Facebook has announced some significant changes - again - to its privacy policies. These include the ability to opt out of applications, to hide a friends’ list, interests - including participation in the confusing Community Pages, the ability to opt out of instant personalization, to hide past information and one-click settings (For a complete summary see AllFacebook post on the changes.).
But are these enough to appease brands, some of which have become upset with Facebook- despite its 500 million base and ad opportunities. Giving users more control over the Community Pages will be a start as that has quickly become a sore point for many corporate Facebook users.

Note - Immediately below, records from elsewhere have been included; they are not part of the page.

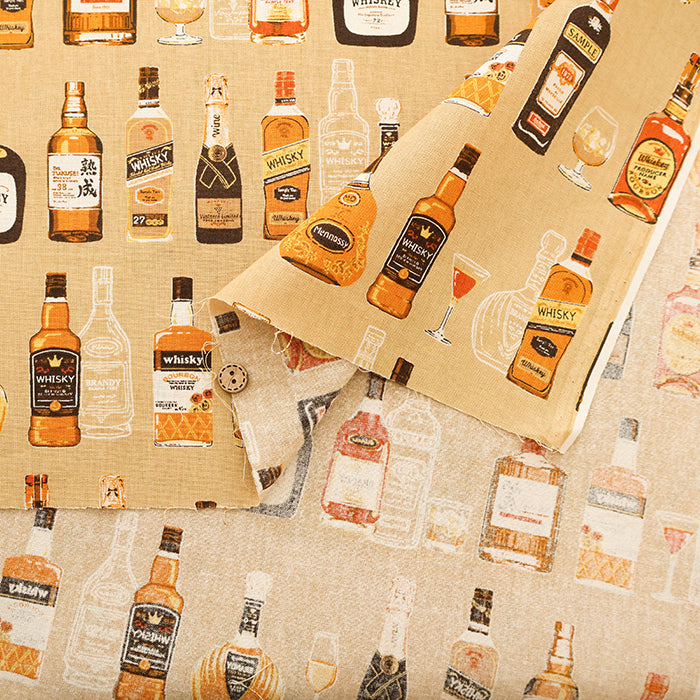 Cotton Muslin printed Fabric - Whiskey - nomura tailor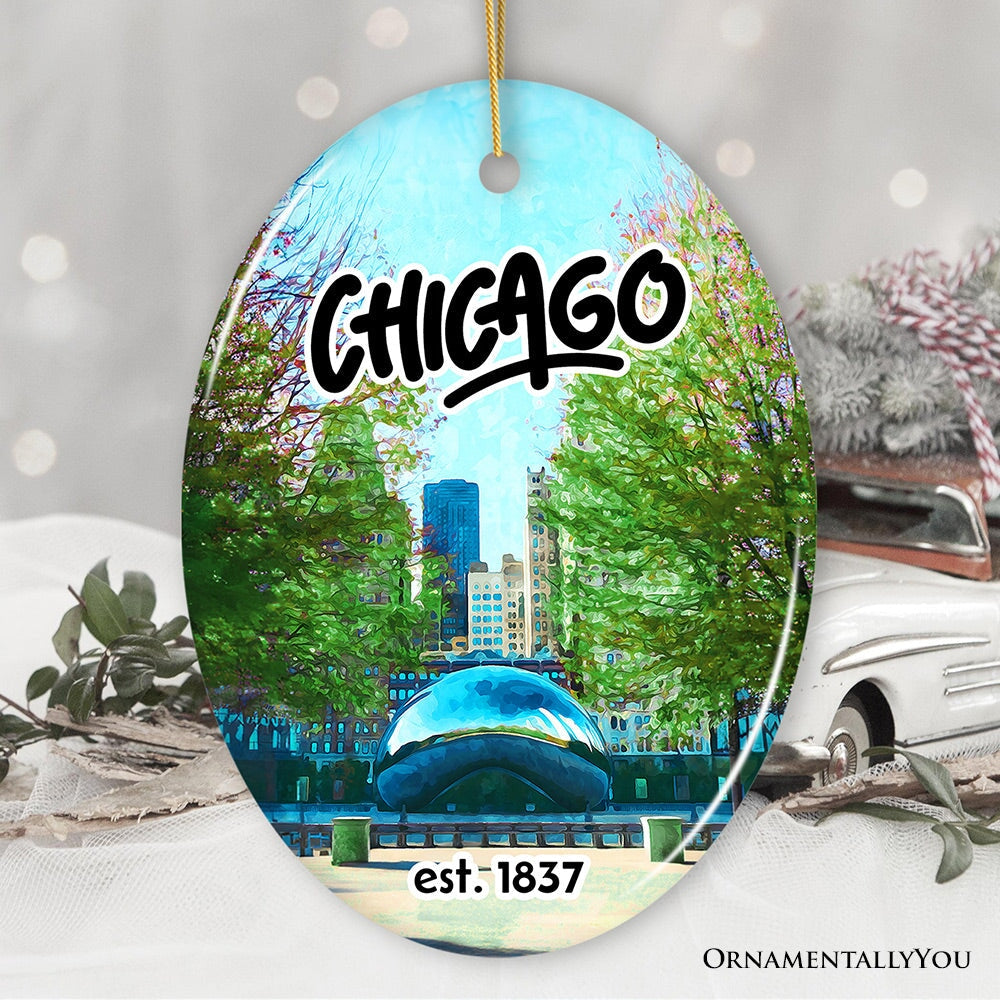 Simply Unique Chicago Christmas Ornament, Ceramic Keepsake Souvenir Gift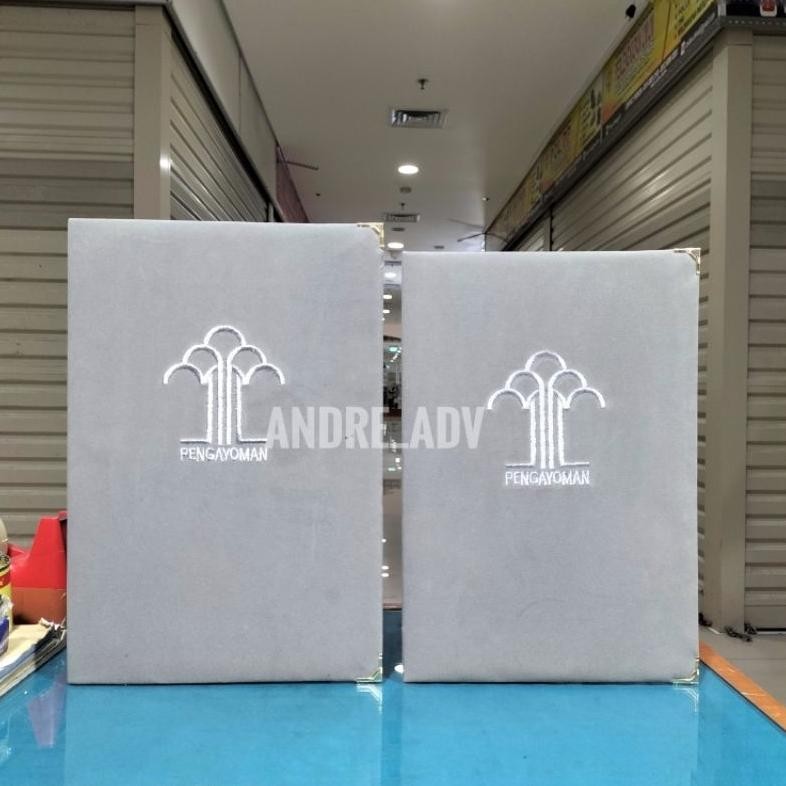 

map pengayoman bahan beludru logo bordir AST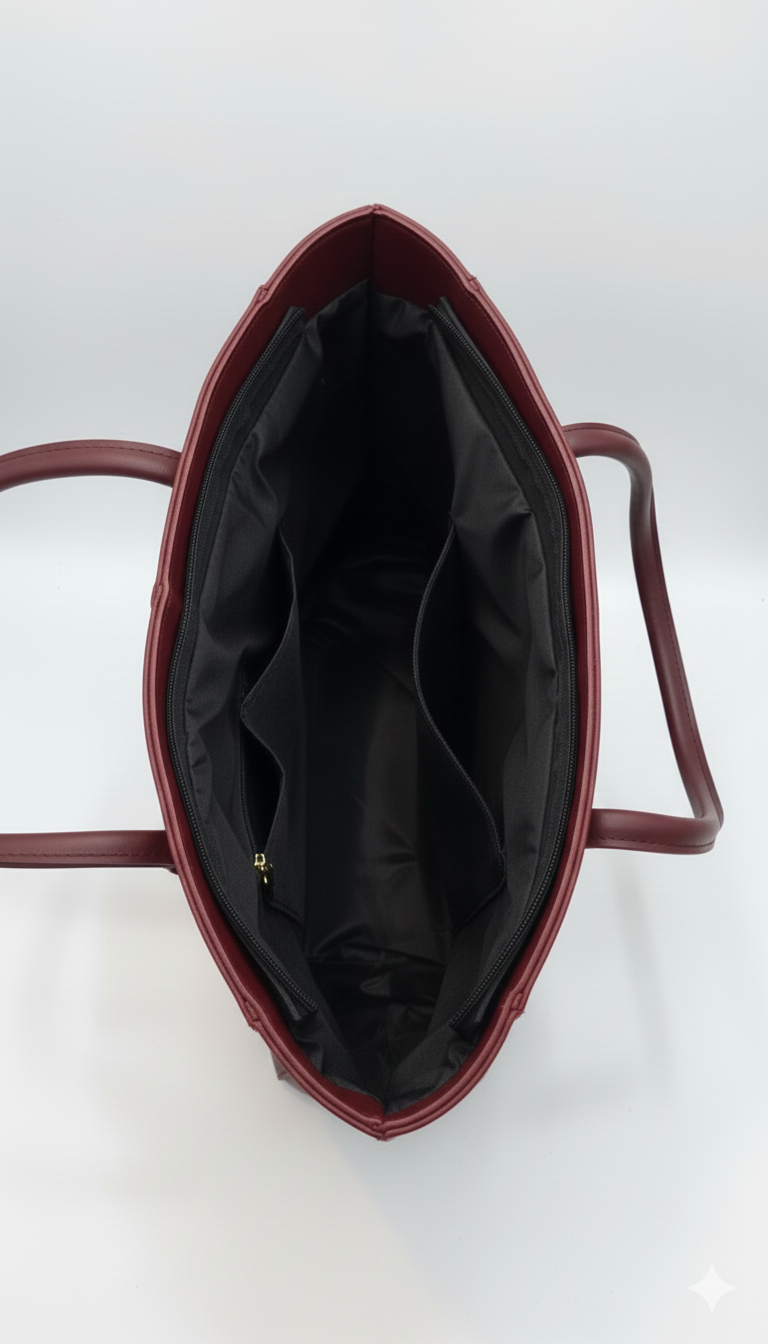 Carla Shoulder Tote Maroon  (Zip Closure)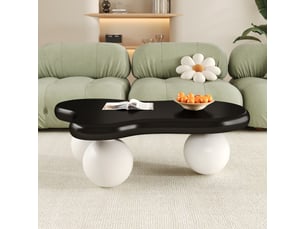 Table basse 95x62.5x32cm en forme de nuage avec pieds ronds, led 16 couleurs, créatif, mode, mdf, noir+blanc
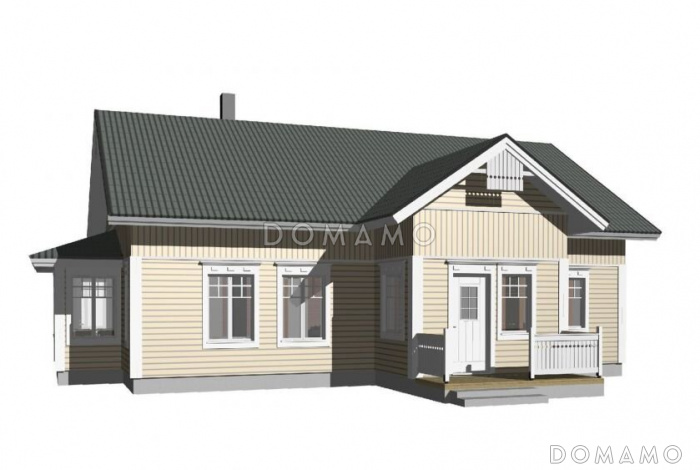 Проект каркасного дома с эркером, сауной на первом этаже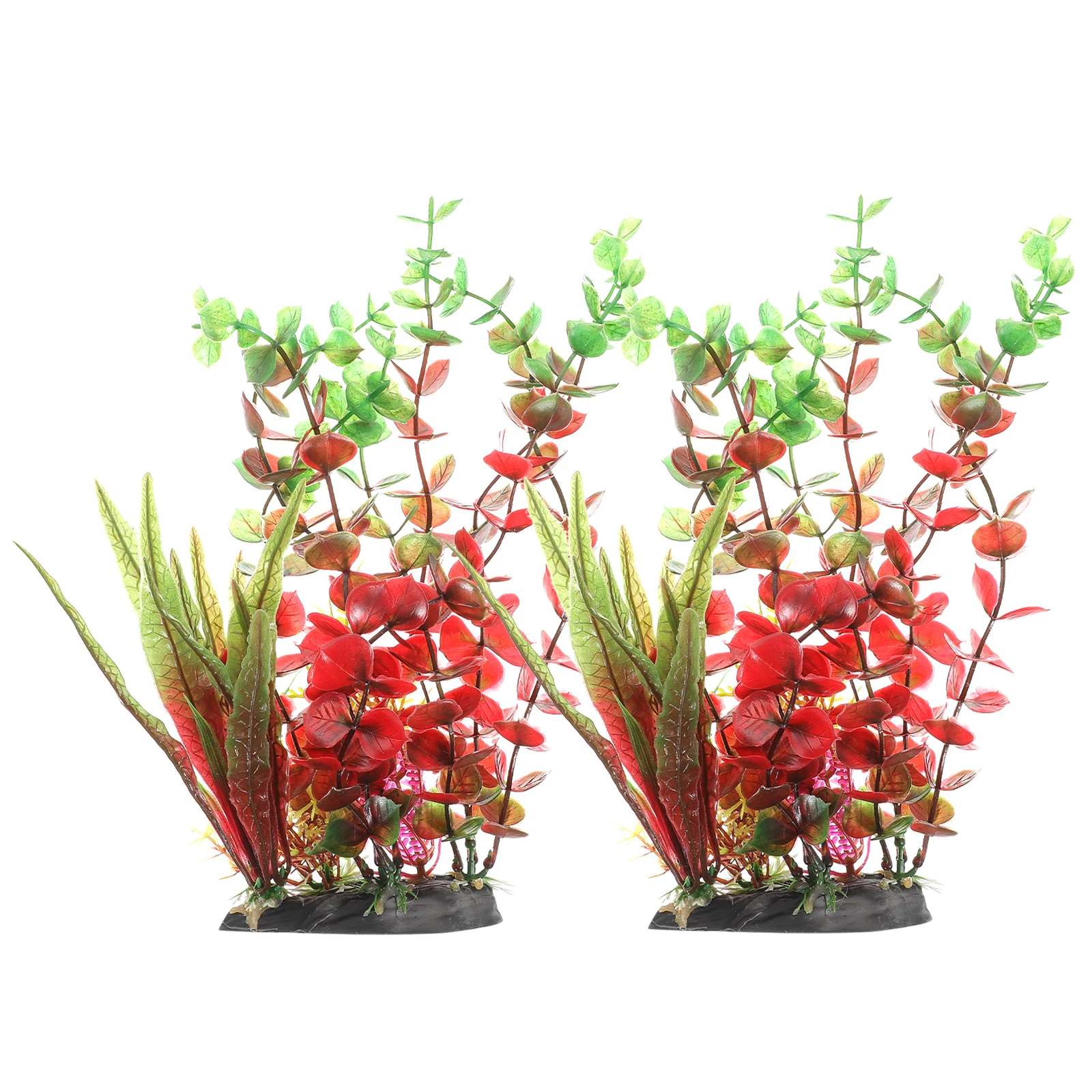 

2pcs Desktop Decor Plastic Fish Plant Household Fake Green Water Realistic Compact Lifelike Aquarium Supplies Accessory Tank
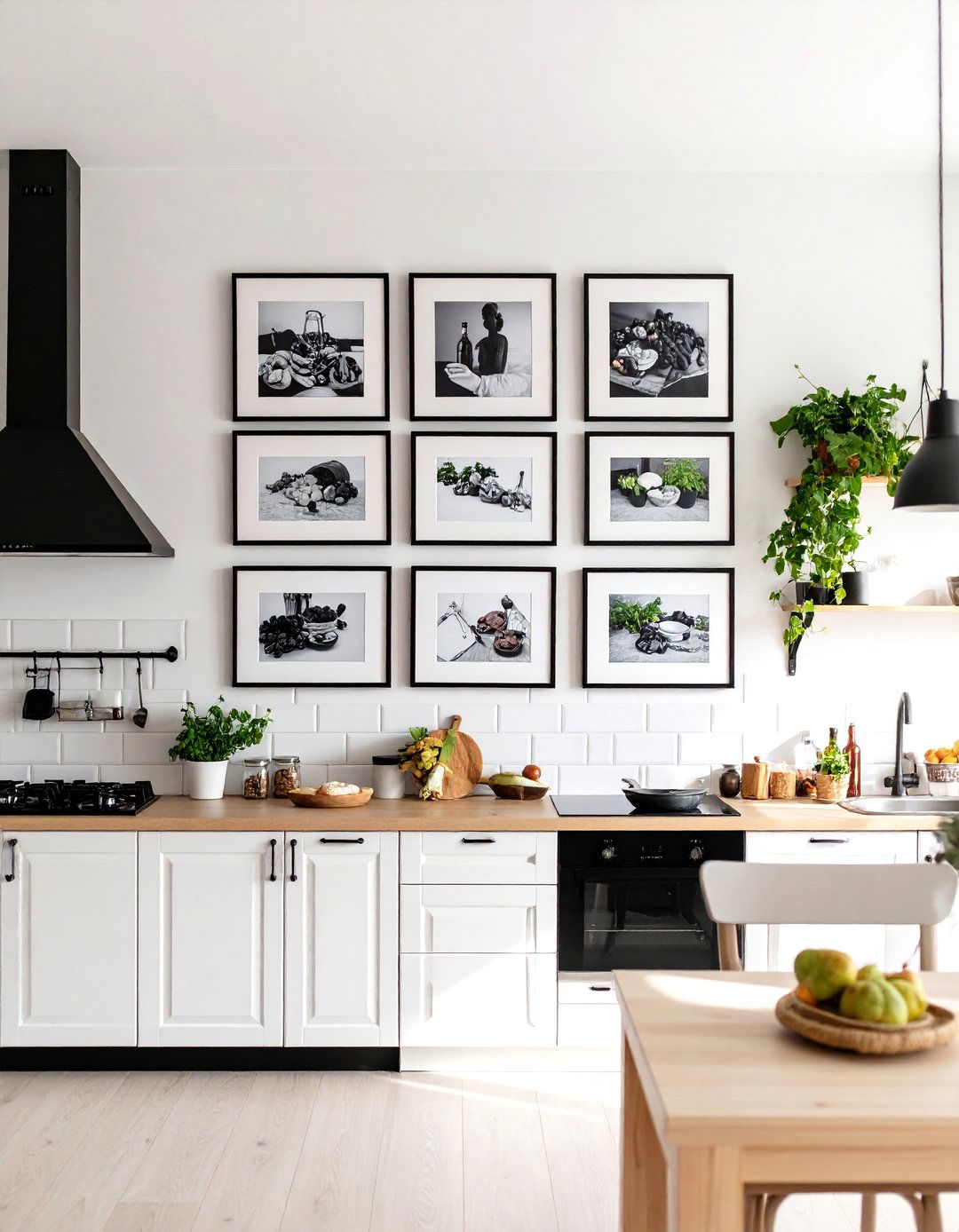 Monochromatic Kitchen Photography - 30 kitchen wall art ideas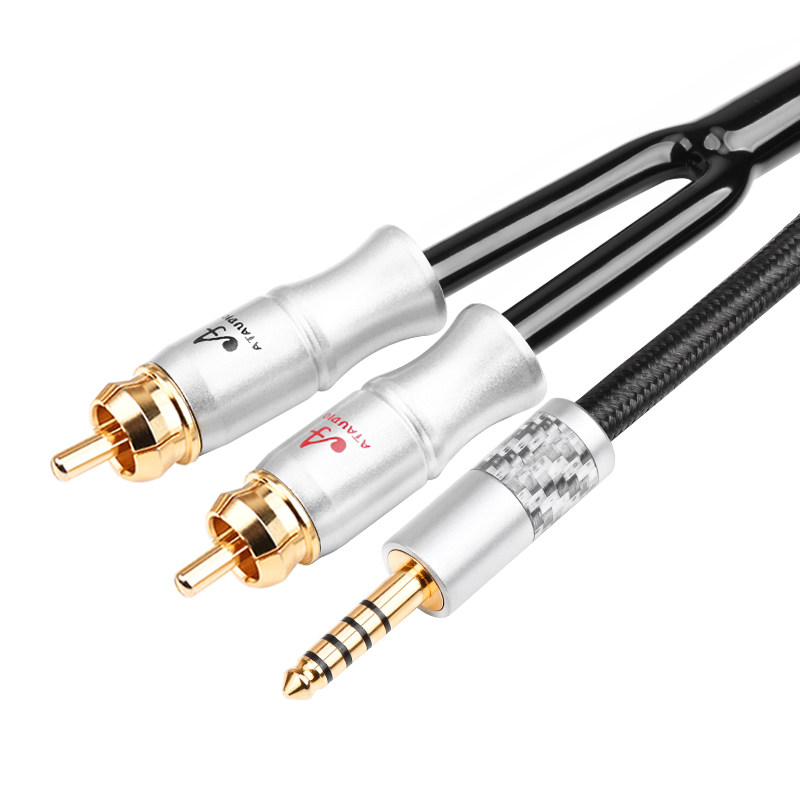 发烧级4.4.转纯莲花2RCAHiFi分铜4.4mm平衡一双二音频线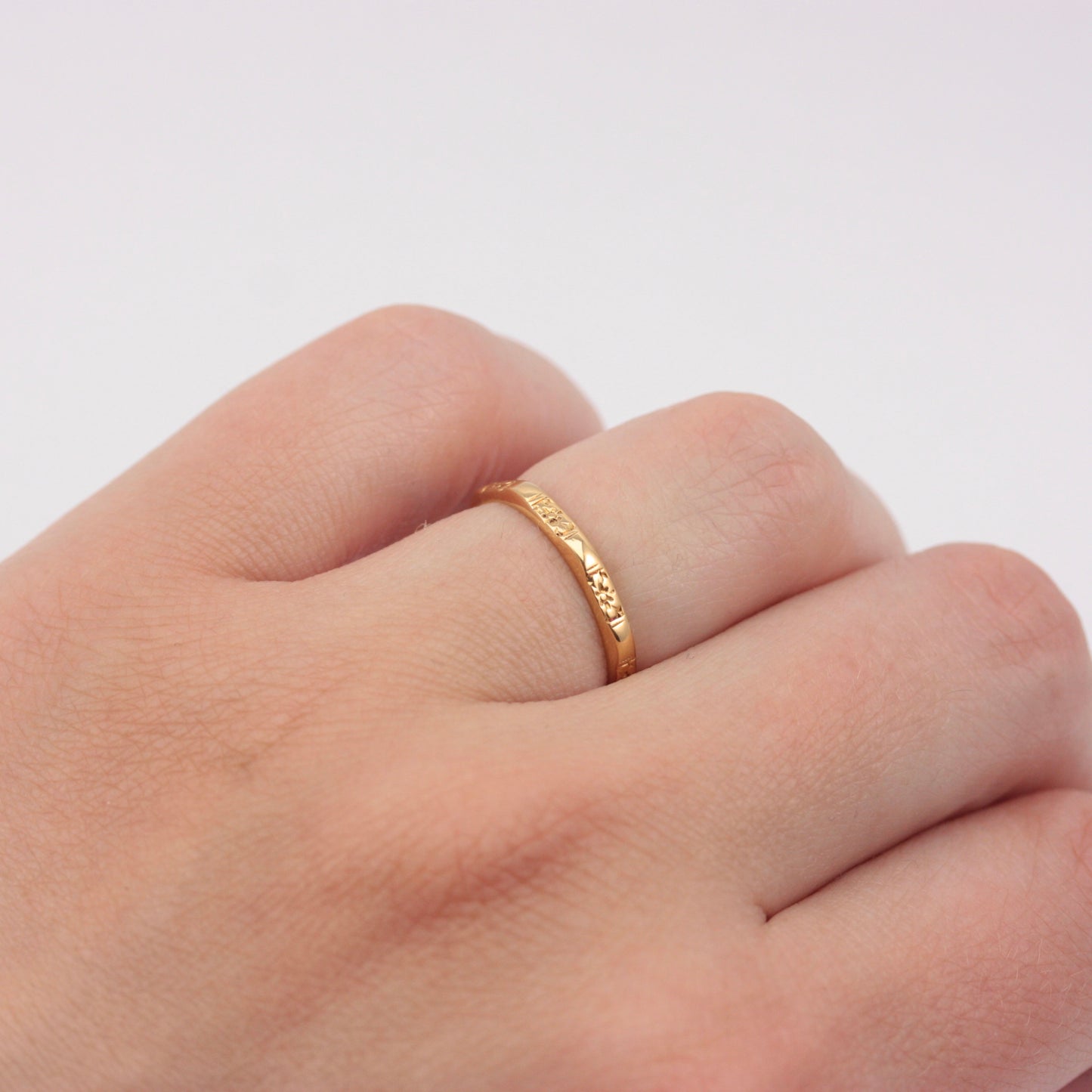Vintage 22ct Gold Orange Blossom Octagon Ring, 1949
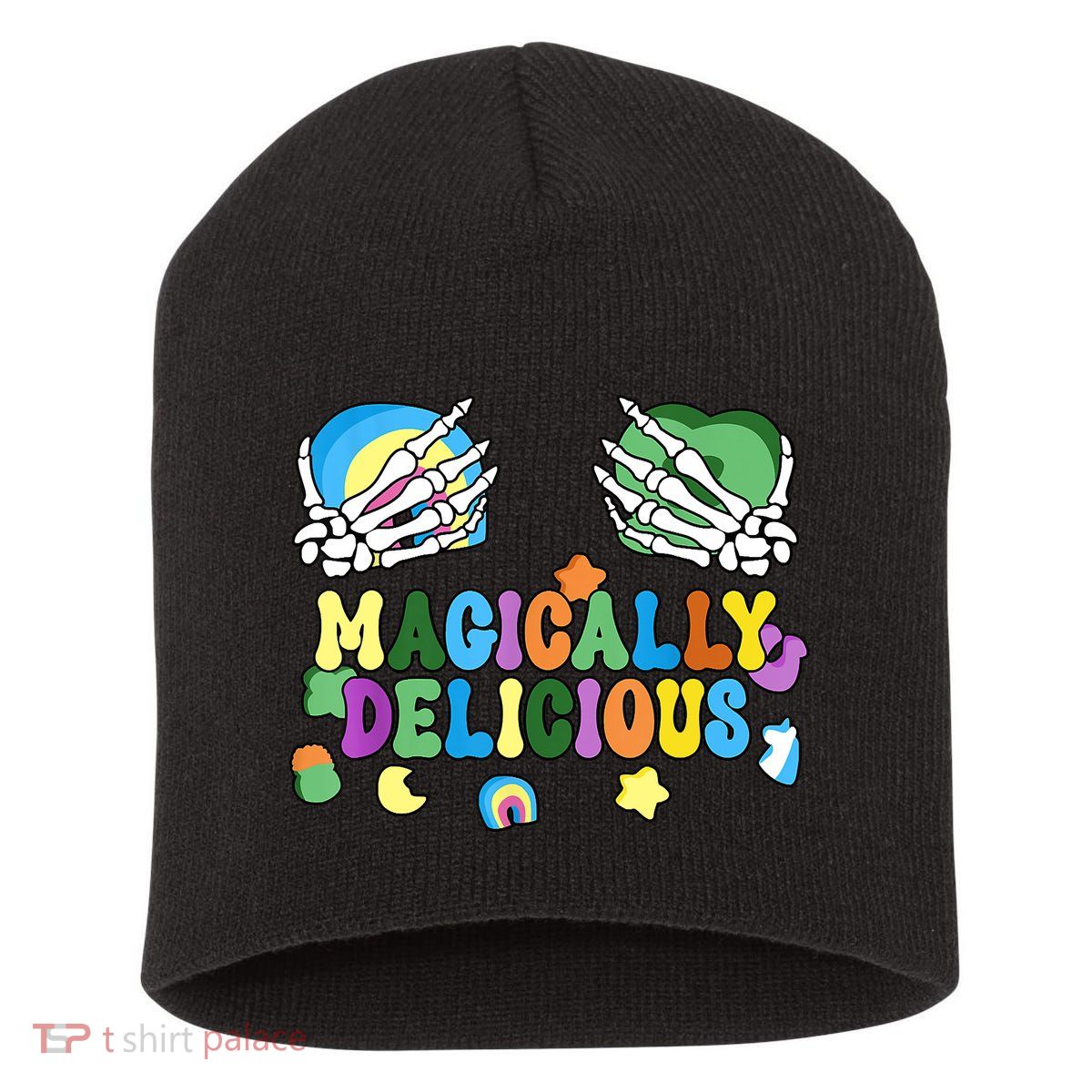 Colorful Magically Delicious Sexy Shamrock St Patrick's Day Short Acrylic Beanie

In one respect they are good for brands because they increase visibility, writes Non Profit Quarterly. "If somebody had mentioned your organization in their profile, Facebook automatically linked the mention to your organization's page. Particularly universities benefit here, as most users have entered their alma mater." But the community pages also confused users. Worse, an organization doesn't know what's being said about it, so the staff can't reply. “A post to an automatically-generated community page could go unanswered, as the organization might never see it. If it was a major donor, that could be a blow to your bottom line.”
Jeremiah Owyang, a partner at Altimeter Group, wrote that their creation shifts power away from brands. Furthermore, "because these Community Pages were launched without the consent or preview from brands, skepticism has emerged on trust of these new features." He suggests brands both organize and expand their presence on more than a few social networks as a defense - or even offense - strategy.